The rebbetzins/kosher kitchens you have observed are probably doing full checks rather than "sample" checks because full checks are often required for leafy vegetables.
Vegetables which are buggy a majority of the time, or even a significant minority of the time, must be thoroughly checked. Even checking a majority of the vegetable in question is insufficient, let alone "sample" checking (Shulchan Aruch Yoreh Deah 84:8 - the Rema explains that when the Shulchan Aruch says "Vegetables which are normally buggy must be checked" it means "even if it's only a significant minority of the time").
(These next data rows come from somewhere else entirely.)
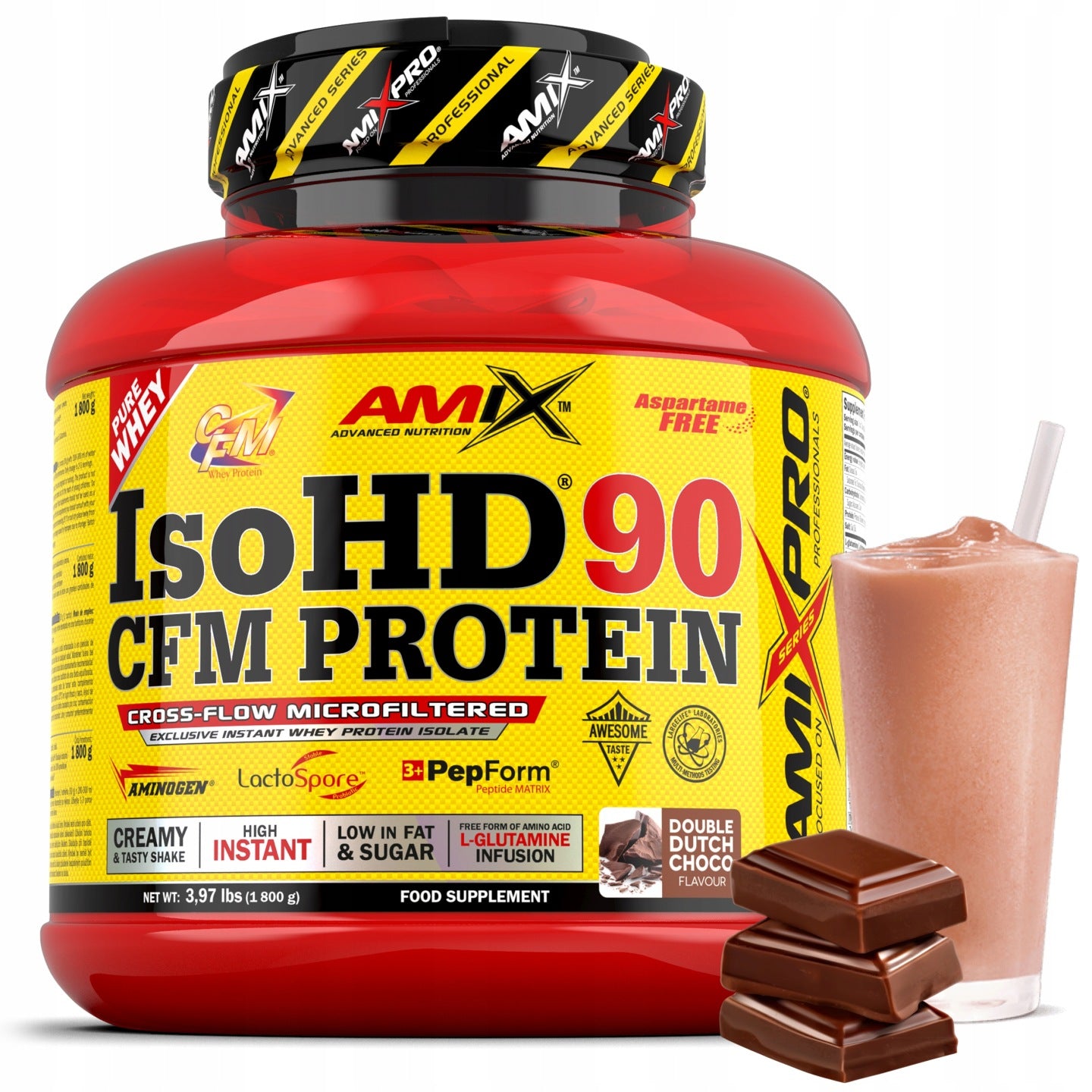 WHEY PROTEIN WPI ISOLATE WITHOUT SUGAR - only 0,01g per serving 90g protein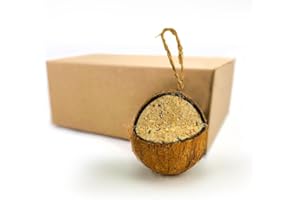 CHUBBY PET PRODUCTS Chubby Quarter Cut Filled Coconut (6 x), Coconut Halve Wild Bird Feed, Coconut Shell Suet Birds Food, Protein Rich Suet for Blackbirds, Woodpeckers, Starlings & Sparrows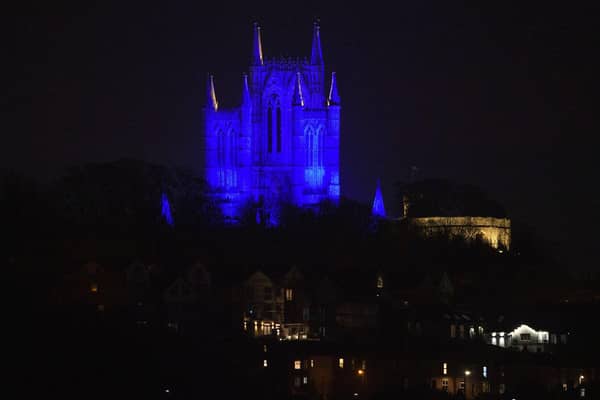 Lincoln Cathedral is illuminated in blue lights in a gesture of support and solidarity for all National Health Service (NHS) workers and carers on the frontline of the coronavirus crisis.

Picture: Chris Vaughan Photography
Date: March 26, 2020 EMN-200204-160610001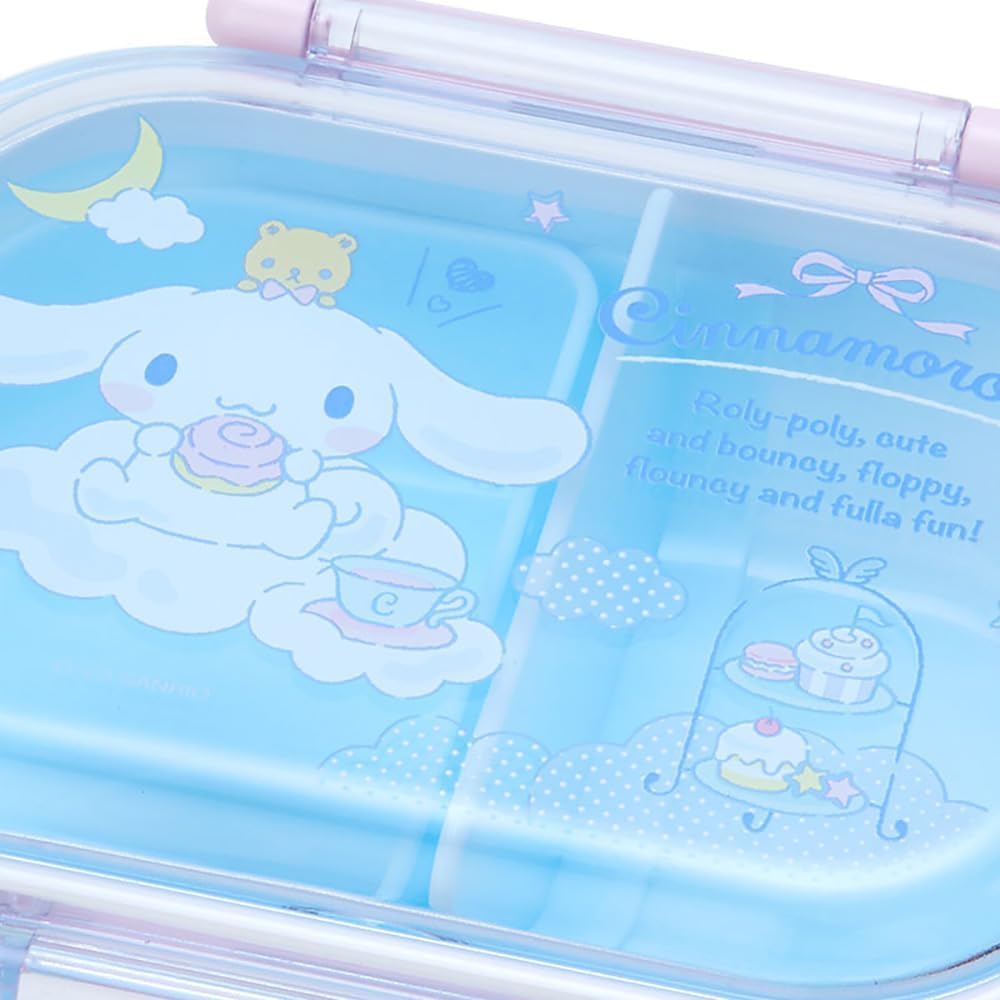 Sanrio Bento Dishwasher and Microwave Made In Sanrio Cinnamoroll Cinnamon Set Box, 1-Tier, Safe, Japan, 360ml, Antibacterial, (Bento Box, Balan)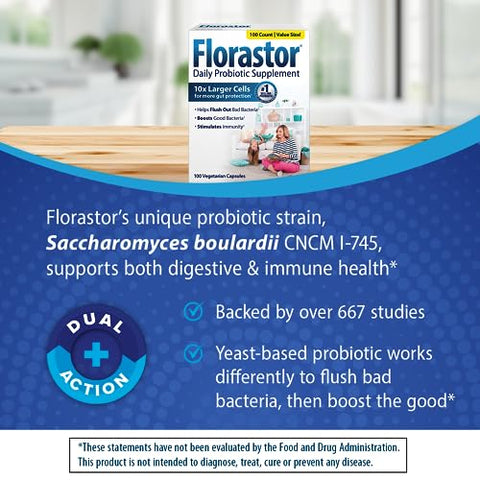 Florastor Probiotic Bundle For Digestion Gut Health 100 Ct. Probiotic For Digestive & Immune Health 30 Ct. Gut Boost Daily Probiotic & Prebiotic - Boost Good Bacteria & Flush Out The Bad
The question is, how often is "a significant minority"? R'Elyashiv apparently told authorities outside of Israel that they could be lenient until about 15% (heard from Rav Yitchok Berkovits). Rav Moshe Vaye (in Bedikat Mazon K'Halacha) wants closer to 6%. Rav Wosner says anything that would be unsurprising to find - even if it's a tiny statistical likelyhood, 1% or less - requires checking. A common compromise approach is the Shut Mishkenos Yaakov which says 10%.
Kashrut agencies each decide which approach for "significant minority" they will use (which is technically a "minhag" of psak halacha/halachik decision), then must observe how buggy each given type of produce is in their area. There can be major variation even in the same fruit or vegetable based on source, shipment and storage methods, climate, etc., so what is frequently buggy in one place may not be problematic in another. Therefore it is best to follow recommendations of a reliable authority as geographically close to you as possible.
Checking a few random samples as an approach is harder to place a source on (it appears to be related to YD 84:9, but that's not direct), and is suggested by Kashrut agencies in cases when the vegetable in question does not strictly require checking, or it is questionable whether the vegetable requires checking.